[ingest bottleneck 1] Fix Pandas joins in handroll_geometrize_routes() or find other way to unify needed information

mbjackson-capp commented 1 week ago

This is taking place on branch actually_geometrize_and_ingest_to_postgres_transit_stations. The relevant function is handroll_geometrize_routes() in scripts/extract_scheduled_gtfs.py.

In order to ingest the TransitRoute data into the backend properly, we need to have all this information for each route* on a single row of a single GeoDataFrame:

shape_id (exists in GTFS files trips.txt and shapes.txt)
route_id (exists in GTFS files trips.txt and routes.txt)
The other relevant columns from routes.txt that go into the data model (service_id, route_type, route_long_name, and route_color)
A LineString representing the coordinates of the transit line as it curves around on the Earth's surface (each row in the original shapes.txt represents a single point on such a LineString; the gtfs_kit library's method geometrize_shapes() produces a GeoDataFrame with one row for each shape_id and its geometry).
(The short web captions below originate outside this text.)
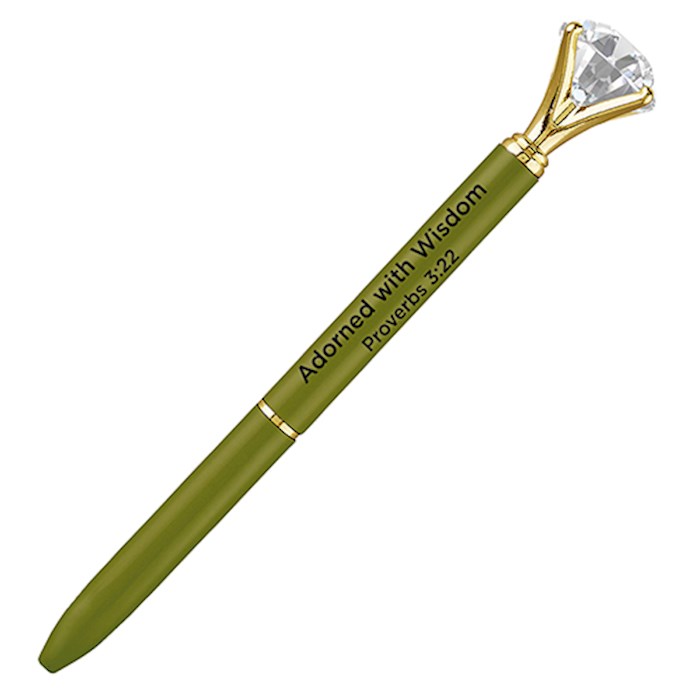 Pen-Gem-Adorned With Wisdom-Chartreuse | SHOPtheWORD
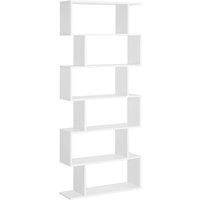 HOMCOM Wooden Wood S Shape Storage Display 6 Shelves Room Divider Unit Chest Bookshelf Bookcase Cupboard Cabinet Home Office Furniture (White)
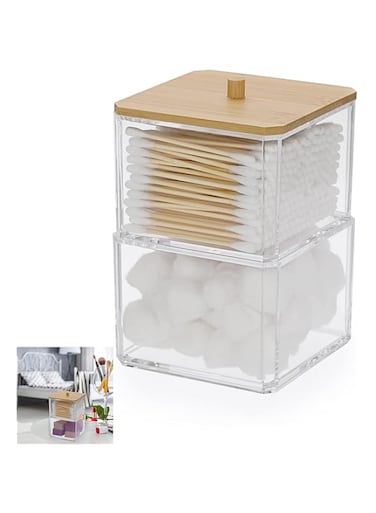 Joyzzz Wood Qtip Dispenser, Cotton Ball Holder with Bamboo Lid, Acrylic Qtip Holder for Cotton Balls, Cotton Swabs and Cotton Rounds Pads, Qtip Holder Bathroom Container for Bedroom Bathroom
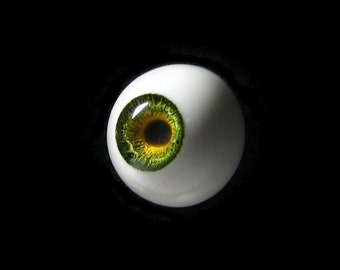 NEW 14mm bjd eyes "Kalamata Olive", Bjd eyes, Doll eyes, Green eyes, Yellow eyes, Resin eyes, Fantasy eyes, Realistic eyes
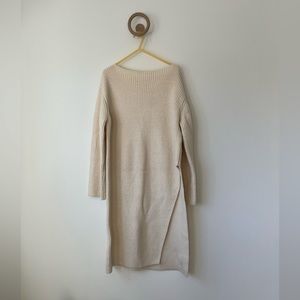 Zara Cream Tunic Sweater with Slit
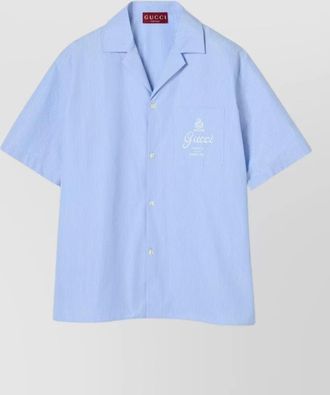 Gucci bowling shirt striped notch collar short sleeves
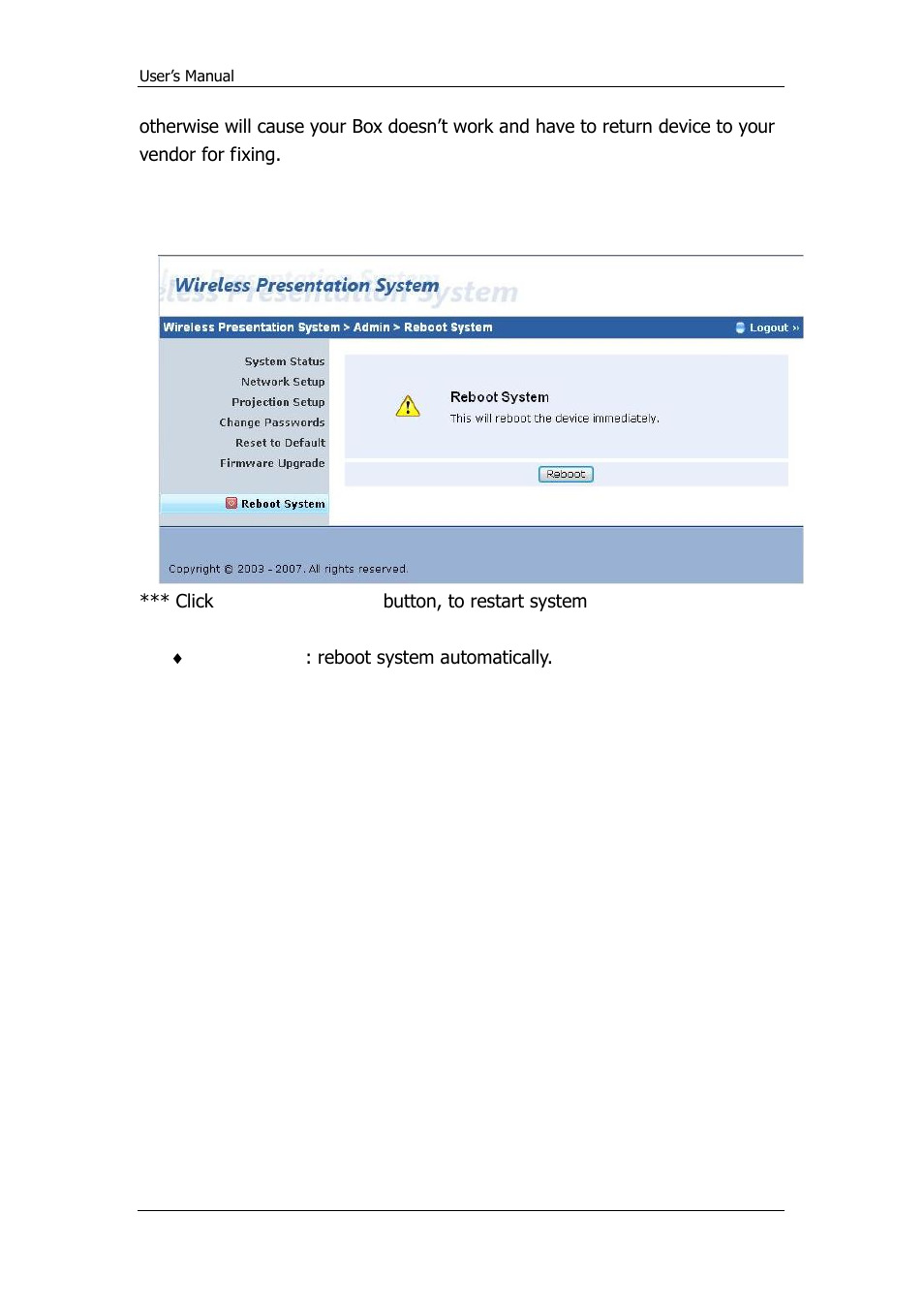 Reboot system | Awind WPS-720 User's Manual User Manual | Page 28 / 30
Per the GTFS specification table relationships, the way to get this information joined is to join shapes with trips using shape_id as the key to join ON, and then to join trips with routes to get the route columns on. However, every attempt I have made to use pd.merge() to put the geometrized shapes together with the rest of the info has failed, resulting in a joined table where all columns from one of the source tables have every value replaced with NaN. This defeats the purpose of a join altogether.

If we can figure out how to make this merge work properly (or, alternately, just create a GeoDataFrame with the shapes and regular DataFrame with other info, that are guaranteed to have the same routes in the same order, and iterate through them both row-by-row at the same time to create TransitRoute objects on ingest), the main remaining bottleneck to us having route data for all three cities ingested into our backend will be cleared. Any help much appreciated!

*technically, each possible trip within the system. I think that for branching routes like the Green Line or Metra Electric, this results in several distinct LineStrings of the same color that would look unified when presented to user on frontend map.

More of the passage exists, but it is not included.